Anil Kumble is undoubtedly one of the greatest names in Indian cricket, known for his right arm leg-break bowling and expert captaincy skills. Apart from being a marvel on the cricket pitch, Kumble also graduated with a Bachelors in Mechanical Engineering from Rashtreeya Vidyalaya College of Engineering (RVCE), making him one of the best-educated cricketers around. While this is an immense achievement, Anil is not the only Indian sports star who can boast about having both a tertiary qualification and an esteemed sporting career under the belt. Fellow top national cricketer Javagal Srinath is also a qualified engineer while World Billiards and Snooker champion Pankaj Advani earned a degree in commerce from Jain University. With so many top sports stars making the effort to earn an educational qualification, one can’t help but wonder why they were driven to potentially succeed in more than one professional field.
Why do sports stars choose to become educated?
Regardless of what sport you participate in and how well you excel in it, you will not be able to partake in it indefinitely. What happens when you are forced to retire from the sport due to age, form or injury?
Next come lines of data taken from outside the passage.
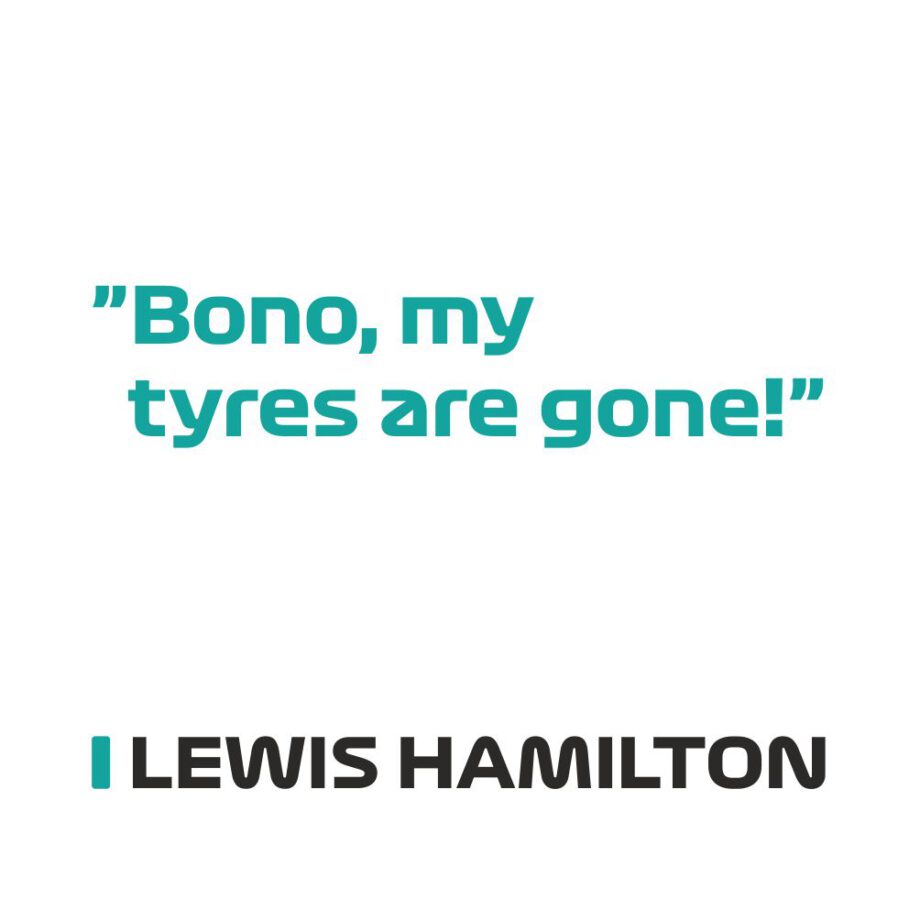 Lewis Hamilton - Kubek z napisem "Bono, My tyres are gone!"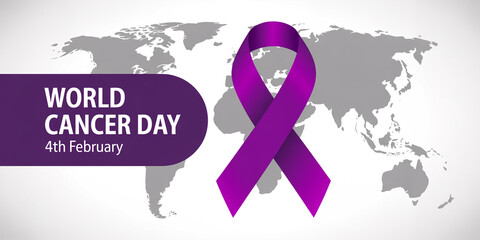 Obraz premium world cancer day awareness campaign with purple ribbon over a global map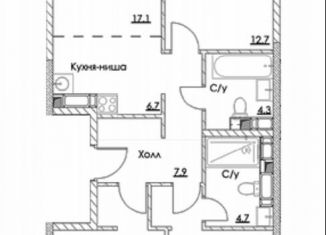 Трехкомнатная квартира на продажу, 84 м2, Москва, Михалковская улица, 48к1, метро Водный стадион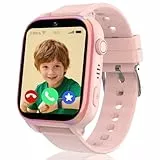 4G Smartwatch Kinder, IP68 Kinder Smartwatch mit GPS und Telefon, HD Videoanruf, SOS-Anruf, Schulmodus, Spiel, Wecker, SIM, Handy, Smart watch Wasserdicht Kinderuhr Geschenke für Mädchen Jungen, Pink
How do you maintain the standard of living you and your family have become accustomed to without the income you were also accustomed to? Having a qualification to fall back on after your sporting career comes to an end can be very beneficial especially considering that the average age of the oldest Indian cricket team to appear in a Test is only 32 while the general retirement age in India is 58.
While education doesn’t come cheap, even youngsters with an interest in a professional sport often find a strategy to fund their studies just so that they can have the best possible life during and after their sporting careers. There are countless professional Indian sportsmen and women who work regular jobs after they bid farewell to their sporting careers. Joginder Sharma, the player who helped a very young Indian cricket team win their very first Twenty20 World Cup back in 2007 may not have a swanky university degree but still serves India in a noble way as a DSP in Haryana Police.
An education can boost earning potential
Being in possession of a degree is not only handy once you retire from the professional sport, but also while you are still actively involved in it. For many talented sporting stars, training full-time is a luxury they simply cannot afford. Unless you are fortunate enough to be part of a national team, chances are you will not be able to get by on the stipend your sporting passion earns you.
Apart from extensive training in their respective disciplines, many Indian Olympic athletes also work part-time government jobs in a bid to make ends meet. Although the Indian government has increased its spending on its Olympic program the funds does not necessarily trickle down to the athletes. When not competing for his country, World and Olympic champion shooter Abhinav Singh Bindra is also the CEO of Abhinav Futuristics, while former Indian cricket captain MS Dhoni has a day-job as the vice president of The India Cements Ltd.
Being able to enjoy a professional sporting career while also having a degree under the belt truly does afford you the best of both worlds. One of the best investments anyone can make during their lives is in a good education that will undoubtedly serve you well long after you have retired from the world of professional Indian sport.